The faintness of the chance that John Brown’s punishment will be commuted to anything less than death on the gallows, can be judged by the following editorial from the Savannah Republican, a paper of moderate tone in all ordinary cases. We cut it from the issue of Nov. 15th. It may be taken as a specimen brick of public opinion at the South:
From various quarters we hear the suggestion that it would be bad policy to take the lives of the Harper’s Ferry insurgents, and, somehow, the impression is gaining ground that they will yet escape so dreadful an expiation. One-half the Northern people, we believe, are of this opinion. Many of their most sensible and conservative journals have entered the field in favor of mercy, alike from considerations of humanity and true policy on the part of the South. The New York Journal of Commerce and Philadelphia Ledger are of opinion that it would be a wiser course to hold Old Brown in limbo for the remainder of his days, than, by ending them at once on the gallows, give the Abolitionists a chance to make a god of him and hold their satanic pow-wows to plot mischief against their Southern fellow-citizens and against the peace and harmony of the Union in his name! The execution of Brown, they think, would be “but bringing fresh grist to the Northern Abolition mill.”
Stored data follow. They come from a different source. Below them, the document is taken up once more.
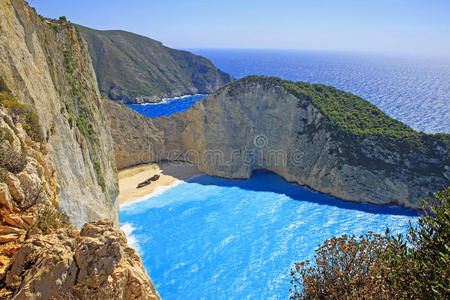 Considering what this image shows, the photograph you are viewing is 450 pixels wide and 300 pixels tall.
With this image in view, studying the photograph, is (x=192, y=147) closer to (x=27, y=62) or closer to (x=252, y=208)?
(x=252, y=208)

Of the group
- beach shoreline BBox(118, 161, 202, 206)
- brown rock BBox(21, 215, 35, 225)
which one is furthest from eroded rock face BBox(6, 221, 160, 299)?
beach shoreline BBox(118, 161, 202, 206)

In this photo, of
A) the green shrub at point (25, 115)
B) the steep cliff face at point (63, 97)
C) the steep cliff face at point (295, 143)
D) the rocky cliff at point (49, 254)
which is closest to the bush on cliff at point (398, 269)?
the rocky cliff at point (49, 254)

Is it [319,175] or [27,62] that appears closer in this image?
[27,62]

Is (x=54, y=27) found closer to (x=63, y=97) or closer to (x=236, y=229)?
(x=63, y=97)

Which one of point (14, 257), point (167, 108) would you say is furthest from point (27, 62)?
point (167, 108)

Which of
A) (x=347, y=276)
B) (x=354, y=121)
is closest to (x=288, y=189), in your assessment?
(x=354, y=121)

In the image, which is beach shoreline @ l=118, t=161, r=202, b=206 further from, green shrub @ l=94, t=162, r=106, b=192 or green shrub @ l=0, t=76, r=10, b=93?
green shrub @ l=0, t=76, r=10, b=93
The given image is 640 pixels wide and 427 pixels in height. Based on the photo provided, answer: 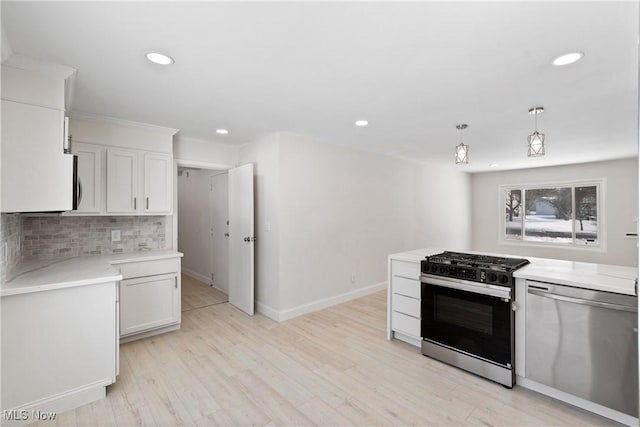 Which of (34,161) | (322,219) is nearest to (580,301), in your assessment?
(322,219)

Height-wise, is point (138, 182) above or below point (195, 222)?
above

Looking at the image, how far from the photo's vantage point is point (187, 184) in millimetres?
6352

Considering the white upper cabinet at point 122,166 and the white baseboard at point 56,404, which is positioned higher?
the white upper cabinet at point 122,166

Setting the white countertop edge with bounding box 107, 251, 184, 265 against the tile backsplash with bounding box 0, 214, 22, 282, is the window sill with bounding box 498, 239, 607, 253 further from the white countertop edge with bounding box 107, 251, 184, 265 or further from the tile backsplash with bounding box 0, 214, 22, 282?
A: the tile backsplash with bounding box 0, 214, 22, 282

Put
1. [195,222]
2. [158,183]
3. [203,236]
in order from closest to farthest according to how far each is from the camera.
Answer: [158,183], [203,236], [195,222]

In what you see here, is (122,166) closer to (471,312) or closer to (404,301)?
(404,301)

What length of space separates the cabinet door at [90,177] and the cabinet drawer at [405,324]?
327 centimetres

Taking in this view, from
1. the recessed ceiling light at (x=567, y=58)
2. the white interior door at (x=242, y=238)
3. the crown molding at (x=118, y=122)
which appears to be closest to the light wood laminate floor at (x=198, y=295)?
the white interior door at (x=242, y=238)

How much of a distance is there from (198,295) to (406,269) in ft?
11.1

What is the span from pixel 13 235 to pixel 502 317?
3913 mm

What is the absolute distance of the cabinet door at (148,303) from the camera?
3.09 m

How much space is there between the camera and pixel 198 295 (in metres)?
4.84

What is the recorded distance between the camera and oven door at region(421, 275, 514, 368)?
236 cm

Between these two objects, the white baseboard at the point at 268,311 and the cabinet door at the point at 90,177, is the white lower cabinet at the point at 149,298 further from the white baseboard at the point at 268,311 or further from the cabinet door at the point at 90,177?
the white baseboard at the point at 268,311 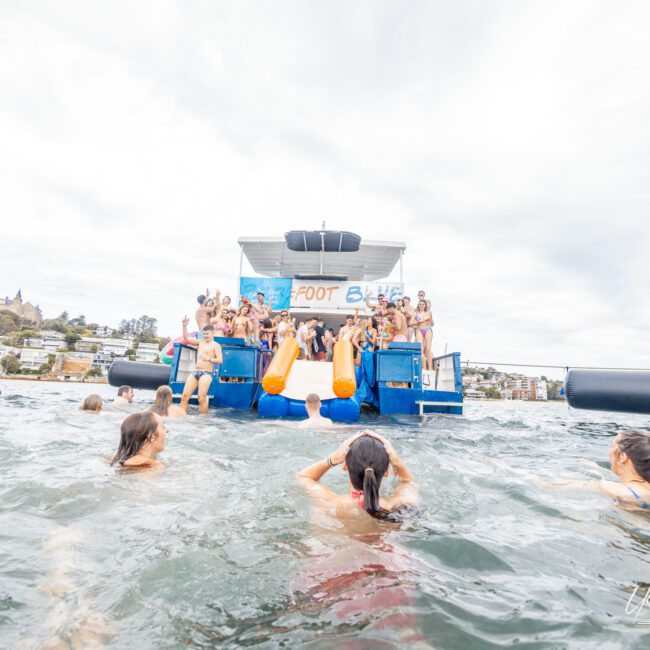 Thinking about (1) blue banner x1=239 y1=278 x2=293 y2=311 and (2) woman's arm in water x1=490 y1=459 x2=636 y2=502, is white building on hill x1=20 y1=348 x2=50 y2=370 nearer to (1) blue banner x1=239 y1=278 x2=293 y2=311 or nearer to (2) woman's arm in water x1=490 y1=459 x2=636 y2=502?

We dissent from all this philosophy, and protest against its weighing a feather in determining the fate of the vile miscreants who are now in the hands of the law. We have been a compromise man all our lives, but in the present condition of affairs, this is a case which should admit of no compromise. These men, who have plotted against the lives and property of slaveholders, have not the slightest claim to clemency, and we only regret that the public characters at the North whose appeals have moved them to such madness, are not also in a condition to share their fate. It would be a just one, and we should be faithless to our families and our firesides did we fail to execute it upon them, when the legal right and the opportunity combine. This Abolition foray will never be stopped until we teach men to believe that they risk their necks by the villainy.
On the score of policy, we scorn all such appeals. Let the blood of Brown and his comrades be the seed of the Abolition Church – let their execution be “grist” taken by the South to the “Abolition mill,” and let the infernal machinery grind on – the South is able to protect herself, and, what is more, she intends to do so. We are under no obligations to reform the fanatics of the North. Let the North do her own work - we shall do our duty to ourselves. If we cannot conquer Abolition at the ballot-box, we are ready to meet it either in the courts or in the field.